Top of Supplied material
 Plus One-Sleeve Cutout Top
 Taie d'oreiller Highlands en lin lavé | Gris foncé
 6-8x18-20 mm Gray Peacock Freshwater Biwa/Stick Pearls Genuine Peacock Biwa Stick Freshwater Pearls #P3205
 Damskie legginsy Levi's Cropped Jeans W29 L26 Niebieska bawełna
Bottom of Supplied material
Top of Supplied material
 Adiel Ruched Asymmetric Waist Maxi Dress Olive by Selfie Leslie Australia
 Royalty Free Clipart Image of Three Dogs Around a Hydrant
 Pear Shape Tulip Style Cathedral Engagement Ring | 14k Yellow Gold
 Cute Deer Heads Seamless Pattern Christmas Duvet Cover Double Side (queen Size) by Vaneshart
Bottom of Supplied material
Top of Supplied material
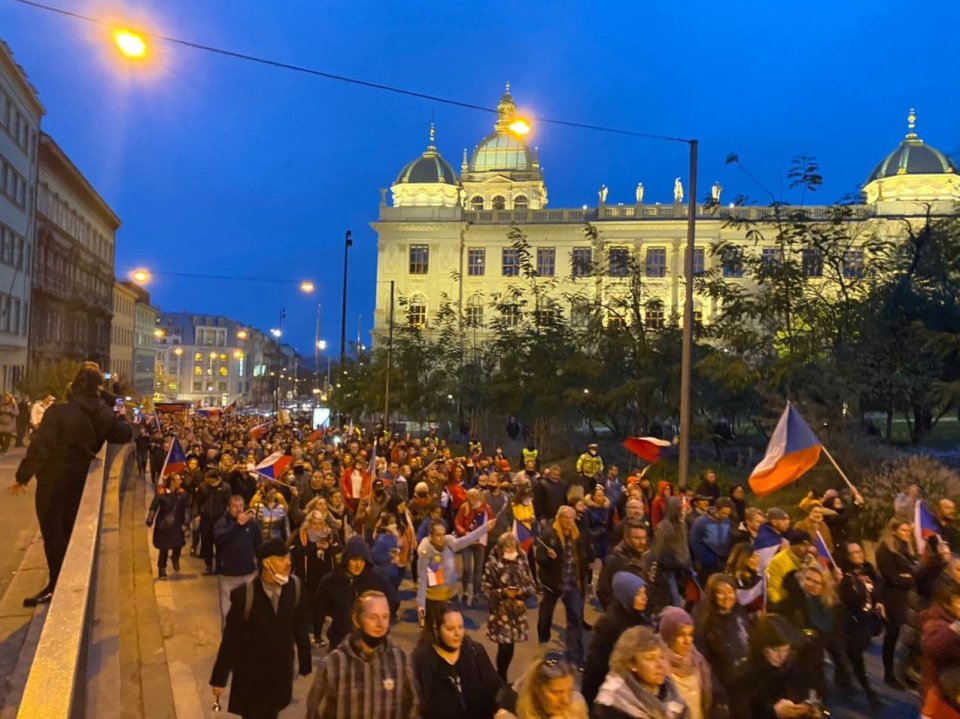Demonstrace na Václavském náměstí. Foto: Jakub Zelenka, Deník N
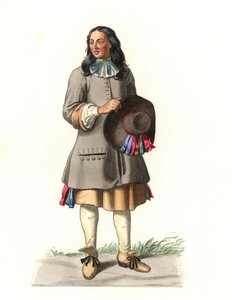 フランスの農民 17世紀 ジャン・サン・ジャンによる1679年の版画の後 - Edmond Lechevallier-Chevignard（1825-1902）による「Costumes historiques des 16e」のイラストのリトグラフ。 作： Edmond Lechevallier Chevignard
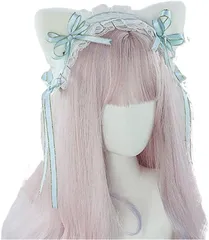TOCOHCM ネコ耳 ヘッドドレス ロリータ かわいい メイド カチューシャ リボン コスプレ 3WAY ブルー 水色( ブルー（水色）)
Bottom of Supplied material
Activity
Using the data above, transcribe the lines that run from the line with "Plus One-Sleeve Cutout Top" to the line with "Damskie legginsy Levi's", both ends kept, and output nothing else.

Expected answer
 Plus One-Sleeve Cutout Top
 Taie d'oreiller Highlands en lin lavé | Gris foncé
 6-8x18-20 mm Gray Peacock Freshwater Biwa/Stick Pearls Genuine Peacock Biwa Stick Freshwater Pearls #P3205
 Damskie legginsy Levi's Cropped Jeans W29 L26 Niebieska bawełna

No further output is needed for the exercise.